Venice, May 10th 2019
German Foreign Minister Heiko Maas opened this afternoon the Roma exhibition FUTUROMA, an official Collateral Event of the La 58 Biennale di Venezia, highlighting the importance of the Roma minority as an example for a united Europe.
FUTUROMA, commissioned by ERIAC (the European Roma Institute for Arts and Culture) and curated by Daniel Baker, displays some of the finest contemporary visual artists of the European Roma community. In times of rising nationalism, the weakening of the EU and the rise of anti-gypsyism in many European countries, FUTUROMA sets a counterpoint by showing creativity, solidarity and joint identity as an integrative power of the largest European minority.
The opening ceremony was attended by international politicians, diplomats and distinguished personalities from the fields of arts, culture and science.

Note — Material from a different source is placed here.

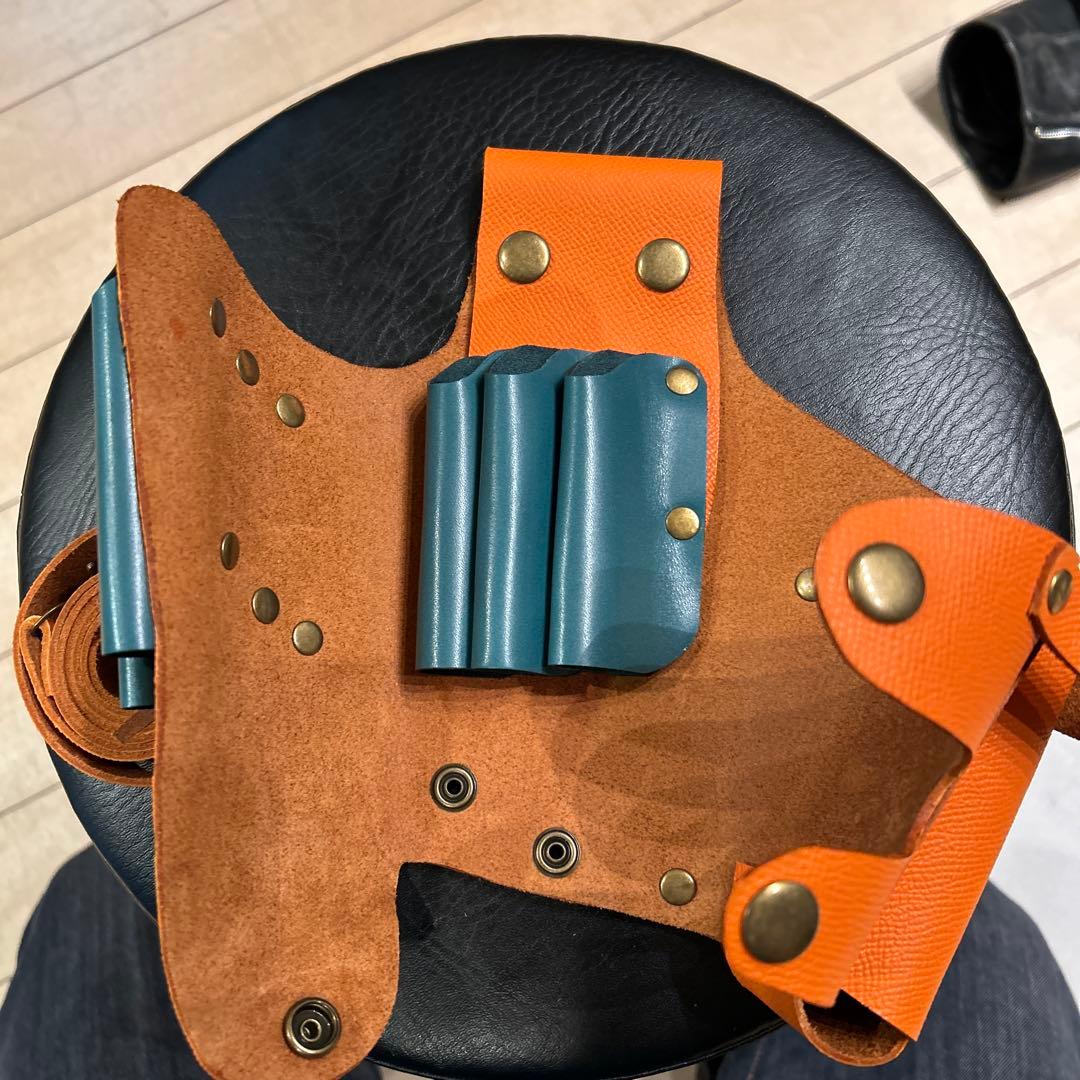 umasioオーダーシザーケース　6丁 オレンジ　グリーン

Amongst them, German Minister of State Michelle Müntefering, the President of the Open Society Foundation (OSF) Patrick Gaspard and Director of Democracy of the Council of Europe Samardzić-Marković, attended the event. Numerous Roma community members joined the opening celebration at the Palazzo Cavalli Franchetti in Venice. Besides distinguished speakers, the opening ceremony featured outstanding Roma performers and artists from across Europe, including: opening performance by Delaine Le Bas and Mihaela Dragan; poetry and music performance by the Alexian Group and Dijana Pavlovic; and a closing concert by the world-famous flamenco player DORANTES.
While FUTUROMA marks the third time Romani artists are presented in the Biennale Arte, it is the first time the initiative is led by Roma themselves. The multinational, multilingual, multireligious and transnational Roma community of over 12 million across Europe does not fit into the narratives of the national pavilions. Romani arts so far remained invisible to the majority audiences. FUTUROMA thus sets a strong signal in striving for a permanent presence at the world’s most prestigious contemporary arts event.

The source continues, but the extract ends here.